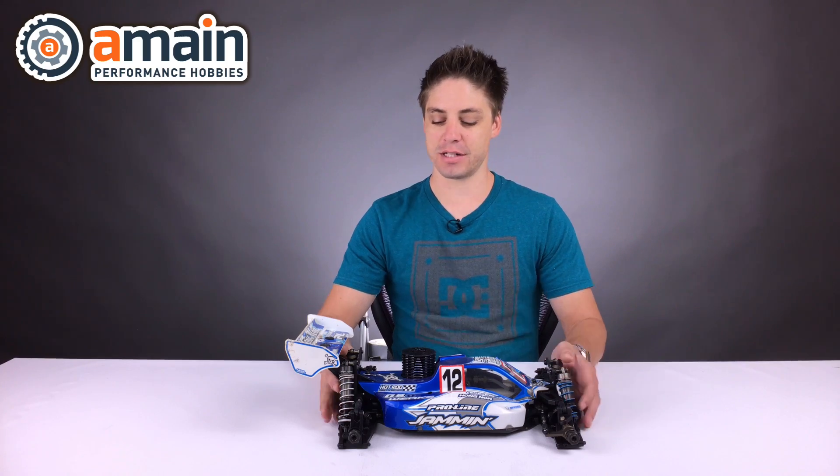Hey guys, Shane here from A-Main and happy to be back with you for Tech Talk. Today we will be talking about droop screws — how to set them and why we set them. So let's have a look.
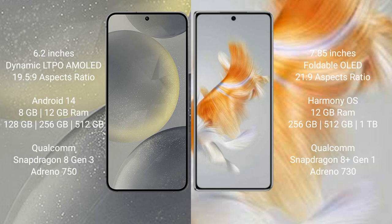Samsung Galaxy S24 comes with 8GB or 12GB RAM, and 128GB, 256GB, or 512GB internal storage, with a Qualcomm Snapdragon 8 Gen 3 processor and GPU Adreno 750. Huawei Mate X3 comes with 12GB RAM and 256GB, 512GB, or 1TB internal storage, with a Qualcomm Snapdragon 8 Gen 1 processor and GPU Adreno 730.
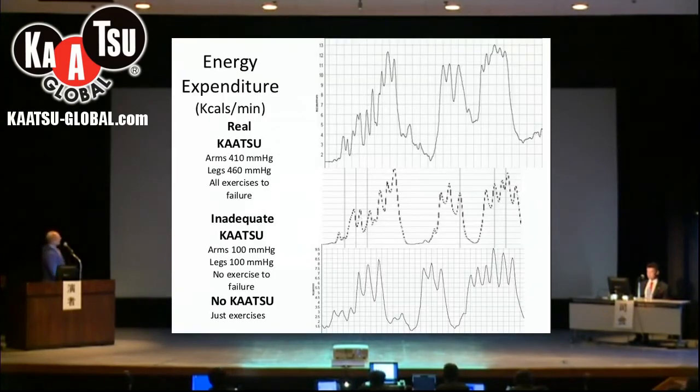We can also calculate the energy expenditure in kilocalories per minute for real Katsu, inadequate Katsu, and no Katsu. What we see here is that there's no real difference between no Katsu and inadequate Katsu, but that we have a bit more calorie burn with the real Katsu.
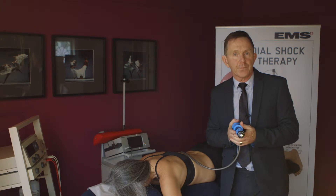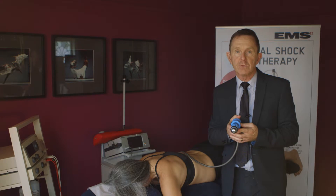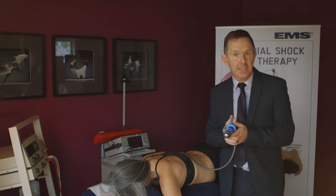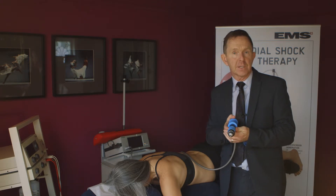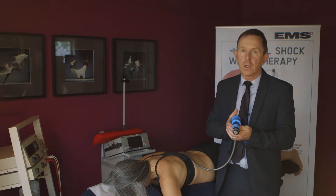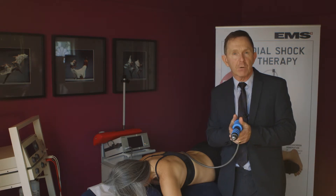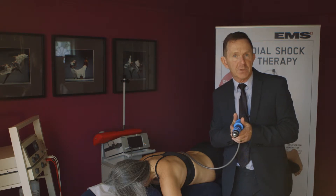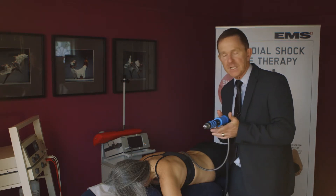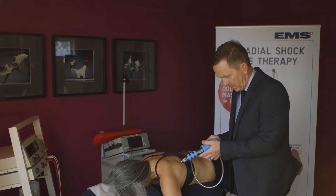So, handholds. This is very much an individual preference; however, I think it's really important that you connect and thereby you can control the head of this EVO Blue. It's also a good idea to think that it becomes part of you as you're working with the patient. You can feel the disruption within the soft tissues. For example, keeping the elbows in — the handholds can be slightly variable.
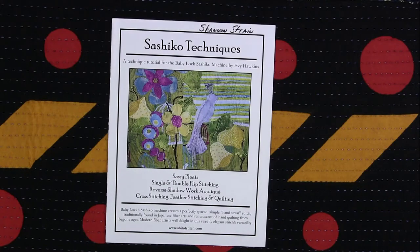Welcome to this brief demonstration of the Sachiko machine by BabyLock. I'm going to start off with a couple of samples just to give you an idea of what this machine is capable of — which is huge.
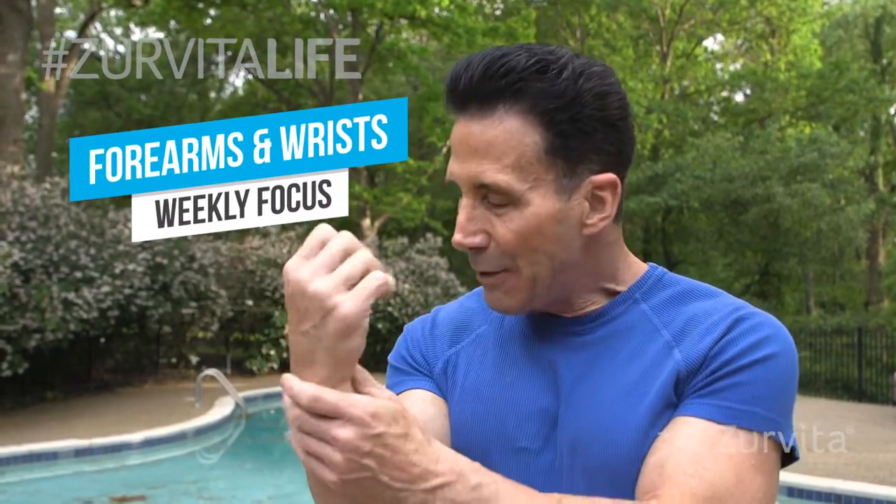Hey Zervida Nation, it's Peter Nielsen, your Zervida Life Coach, and this week's Zervida Focus, believe it or not, has everything to do with conditioning your forearms and wrists. I had an injury years ago and I couldn't believe how when I injured my forearm and wrist, anything I was grabbing in life was almost impossible. So let's get started with some great exercises right now.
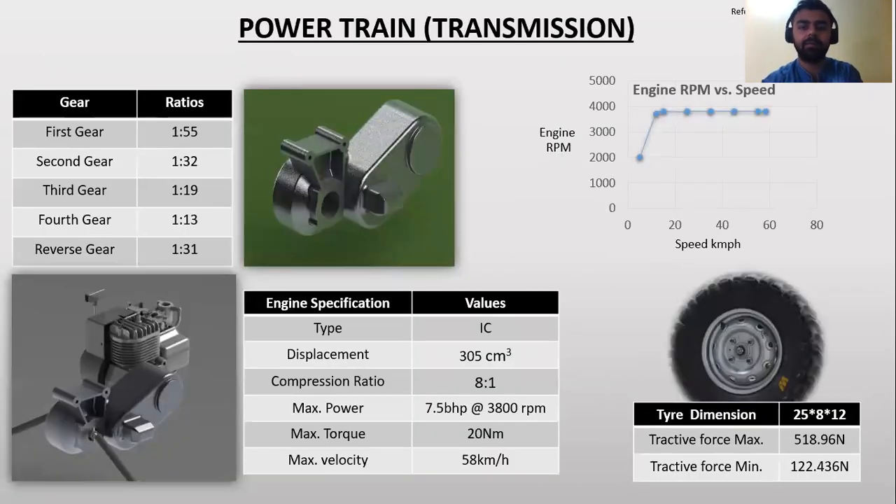Power train and transmission: The engine used in our all terrain vehicle is an IC engine with a displacement of 305 cc and a compression ratio of 8:1. Maximum power the ATV can produce is 7.5 BHP at 3800 RPM, maximum torque is 20 Newton meters, and maximum velocity is 58 kilometers per hour.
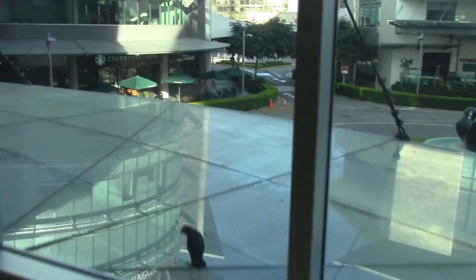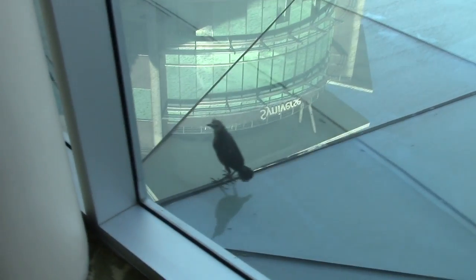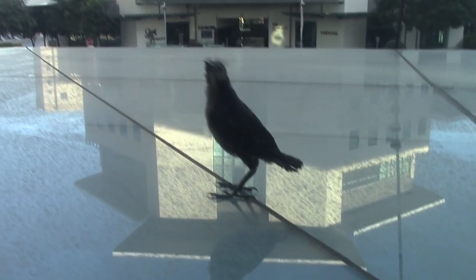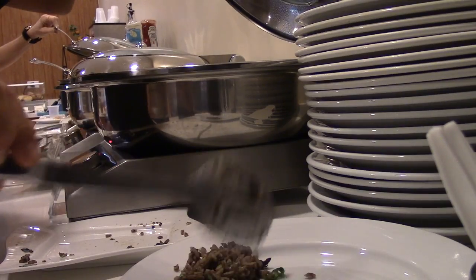Right outside this window there's a bird — he has like eyebrows! I think walking on glass is a bit slippery for him. Okay, we've made it to the buffet and I found the waffles — waffles, not falafels!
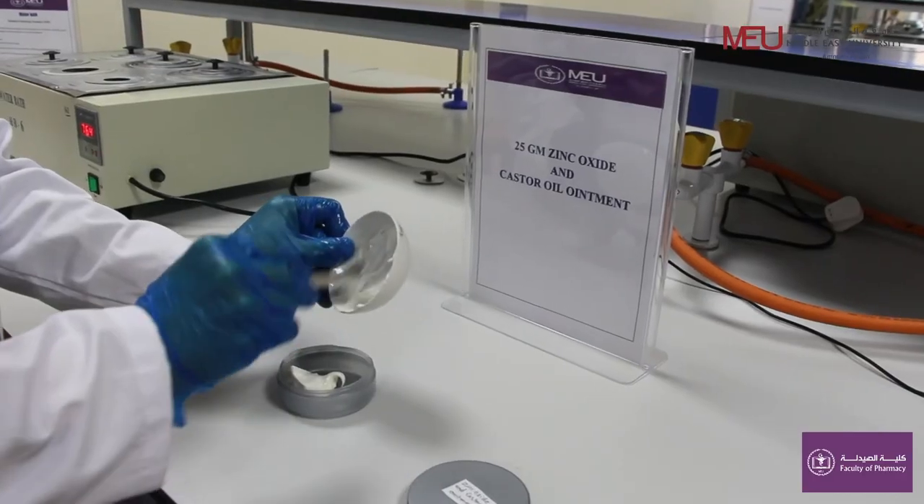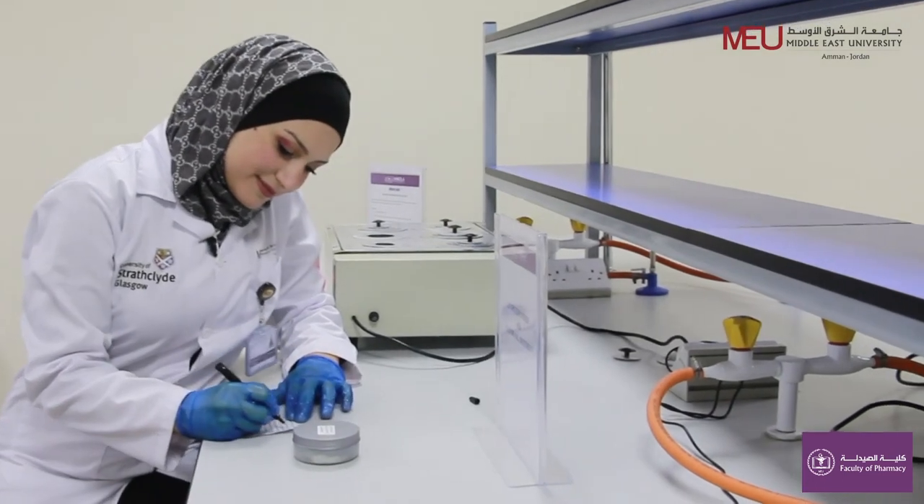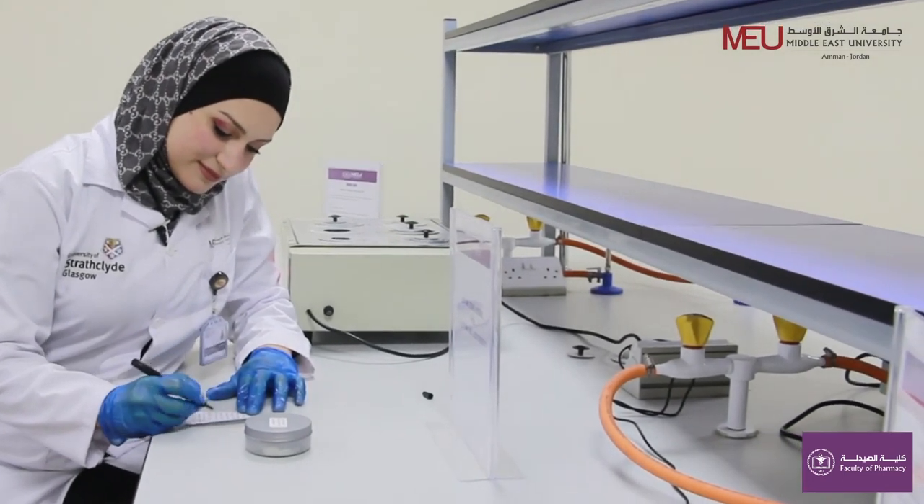Transfer the prepared ointment into a jar. Label it with proper labeling. Thank you.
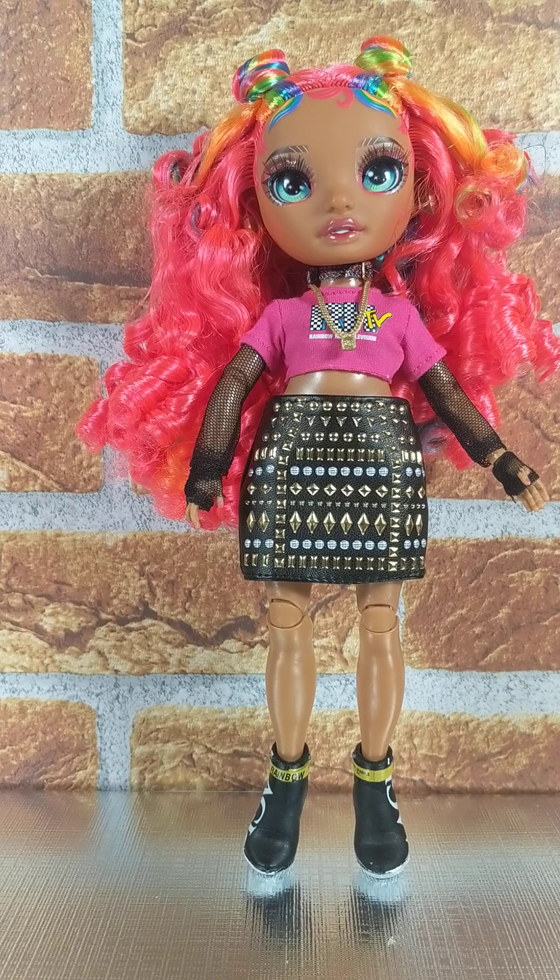You could always put another top over the mesh if you wanted, like a black one. We have a couple of black Rainbow High t-shirts. You could always do that if you wanted to get her more of a darker look if you wanted.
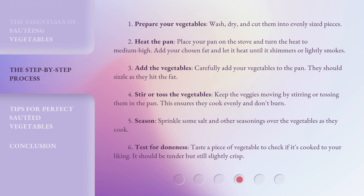Step 4: Stir or toss the vegetables. Keep the veggies moving by stirring or tossing them in the pan — this ensures they cook evenly and don't burn. Step 5: Season. Sprinkle some salt and other seasonings over the vegetables as they cook. Step 6: Test for doneness. Taste a piece of vegetable to check if it's cooked to your liking — it should be tender but still slightly crisp.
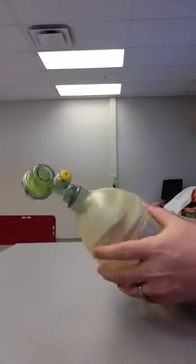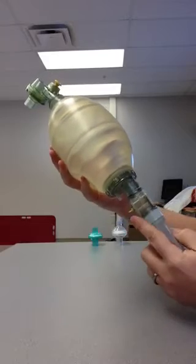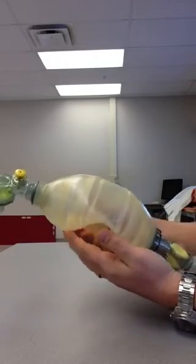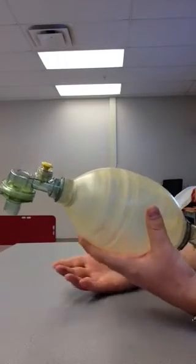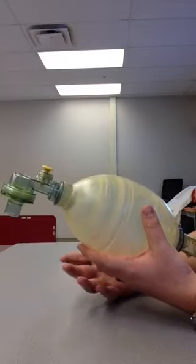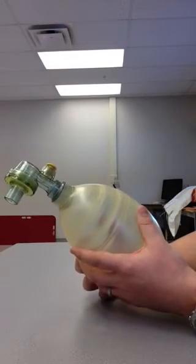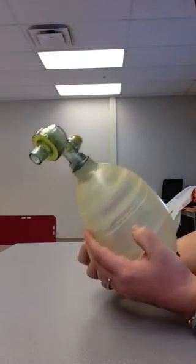If you didn't have an oxygen source, one feature of these self-inflating resus bags is that you can still ventilate. You can see I don't have an oxygen source attached right now — every time I squeeze the bag, if it's assembled properly, it re-inflates and I can ventilate my patient with 21% ambient oxygen. That is one advantage of a self-inflating resus bag: in a pinch, you can use it with room air.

→ Exercise prompt:
All that should appear in the answer is the lines above from the line with "Transfer the prepared" through the line with "You could always put", retyped exactly, pictures left out.

→ Expected output:
Transfer the prepared ointment into a jar. Label it with proper labeling. Thank you.
You could always put another top over the mesh if you wanted, like a black one. We have a couple of black Rainbow High t-shirts. You could always do that if you wanted to get her more of a darker look if you wanted.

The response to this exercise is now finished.